(Task statement) Restate word for word the span of lines that opens with the line containing "Dogwood 3-Ken Bremer-Mounted Giclee Print" and closes with the last line of the material. Include both ends and nothing more.

(Extracted entries)
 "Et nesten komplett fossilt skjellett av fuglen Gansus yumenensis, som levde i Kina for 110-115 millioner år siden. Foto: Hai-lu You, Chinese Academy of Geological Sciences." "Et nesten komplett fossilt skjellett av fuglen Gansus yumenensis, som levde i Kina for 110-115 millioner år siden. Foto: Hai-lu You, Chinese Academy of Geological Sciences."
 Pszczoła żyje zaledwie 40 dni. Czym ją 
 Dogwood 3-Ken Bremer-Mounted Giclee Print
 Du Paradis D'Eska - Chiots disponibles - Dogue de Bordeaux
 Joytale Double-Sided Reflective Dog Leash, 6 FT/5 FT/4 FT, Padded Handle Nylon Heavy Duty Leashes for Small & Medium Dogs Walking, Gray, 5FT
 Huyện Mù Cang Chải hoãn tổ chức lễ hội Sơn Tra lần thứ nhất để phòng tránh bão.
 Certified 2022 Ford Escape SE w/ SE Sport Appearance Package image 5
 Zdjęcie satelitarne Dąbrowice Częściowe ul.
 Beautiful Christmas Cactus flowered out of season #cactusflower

(Answer section)
 Dogwood 3-Ken Bremer-Mounted Giclee Print
 Du Paradis D'Eska - Chiots disponibles - Dogue de Bordeaux
 Joytale Double-Sided Reflective Dog Leash, 6 FT/5 FT/4 FT, Padded Handle Nylon Heavy Duty Leashes for Small & Medium Dogs Walking, Gray, 5FT
 Huyện Mù Cang Chải hoãn tổ chức lễ hội Sơn Tra lần thứ nhất để phòng tránh bão.
 Certified 2022 Ford Escape SE w/ SE Sport Appearance Package image 5
 Zdjęcie satelitarne Dąbrowice Częściowe ul.
 Beautiful Christmas Cactus flowered out of season #cactusflower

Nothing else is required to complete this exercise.